Photo of network switch in a data center rack cabinet

Fancy Docker orchestration systems, like Kubernetes or DC/OS, have networking layers that can be setup for complicated ingress and load balancer configurations. But what if you just have a single Docker daemon and multiple IPs assigned to a single server? How do you bind individual containers to specific public IP addresses? It’s fairly straight forward to bind a service running in a container to a specific IP listening address, but getting outgoing traffic to egress via a specific IP address takes additional work. If you’re attempting to use Docker with IPv6, you’re in for a world of very counterintuitive configuration. In this post, I’m going to take you through setting up Docker to work with IPv4 and IPv6, using isolated networks, so all incoming and outgoing traffic are restricted to specific IP addresses.

The use case of this setup is pretty straight forward. Say you have several services, running in containers, on a machine with several IP addresses. You want all traffic coming from and going to those containers, to only enter and leave on specific IP addresses. You might have one network for only web traffic (ports 80 and 443), another network for mail (ports 25, 465, 587, et. al.) and another network for some special service.

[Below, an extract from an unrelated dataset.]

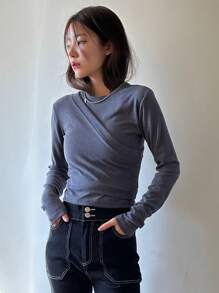DAZY Bộ đồ hai mảnh màu trơn dành cho nữ, áo kiểu quấn, bộ đồ mặc nhà mùa thu cho nữ. - Xám - Xem 4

We’ll call these networks web, mail and special.

Docker Network Public IPv4 Public IPv6 Internal IPv4 Subnet Internal IPv6 Subnet
web 203.0.113.10 2001:db8::0010 172.10.0.1/24 fc00:10:10::/96
mail 203.0.113.20 2001:db8::0020 172.20.0.1/24 fc00:20:10::/96
special 203.0.113.30 2001:db8::0030 172.30.0.1/24 fc00:30:10::/96

For this tutorial, we’ll be using public IPv4 addresses from the TEST-NET-3 range of 203.0.113.0/24 that are reserved for documentation purposes1. For IPv6, we’ll use the prefix 2001:DB8::/32, also reserved for documentation2. For the remainder of this tutorial, these would be replaced by your public IP addresses. This tutorial also assumes you have IPv4 and IPv6 networking correctly setup on your server, using your Linux distribution’s network adapter configuration system. For reference, the iproute2 commands for establishing our public IP addresses would look something like the following, assuming your public network interface is named wan0 and your IPv4 gateway is 203.0.113.1:

ip address add 203.0.113.10/32 dev wan0
ip address add 2001:db8::0010/128 dev wan0

ip address add 203.0.113.20/32 dev wan0
ip address add 2001:db8::0020/128 dev wan0

ip address add 203.0.113.30/32 dev wan0
ip address add 2001:db8::0030/128 dev wan0

ip -4 route add default via 203.0.113.1 dev wan0
ip -6 route add default via fe80::1 dev wan0

ip link set wan0 up
Diagram Mapping Public IP Addresses to Private Docker Networks

To achieve IP ingress/egress isolation for our Docker networks, we need to run though a couple of steps:

  • Setup Docker to assign containers a Local IPv6 Subnet
  • Create docker bridge networks for each of the real IP addresses, with masquerading disabled
  • Manually create outgoing iptables rules for masquerading
  • Install and run docker-ipv6nat daemon
  • Launch containers with bindings to specific IP addresses for both IPv4 and IPv6

IPv4 and IPv6 in Docker are not handled consistently. By default IPv4 uses NAT/Forwarding rules and most documentation indicates containers should have globally scoped (i.e. real) IPv6 addresses. Instead, we’re going to assign local IPv6 addresses to containers and NAT them, so we get consistent interactions with both IPv4 and IPv6. I know some of you are screaming “you don’t need NAT for IPv6” in your heads. Trust me, it’s just easier to do it this way in the Docker world. If you want to use real IPv6 addresses, see my previous tutorial on Docker and IPv6.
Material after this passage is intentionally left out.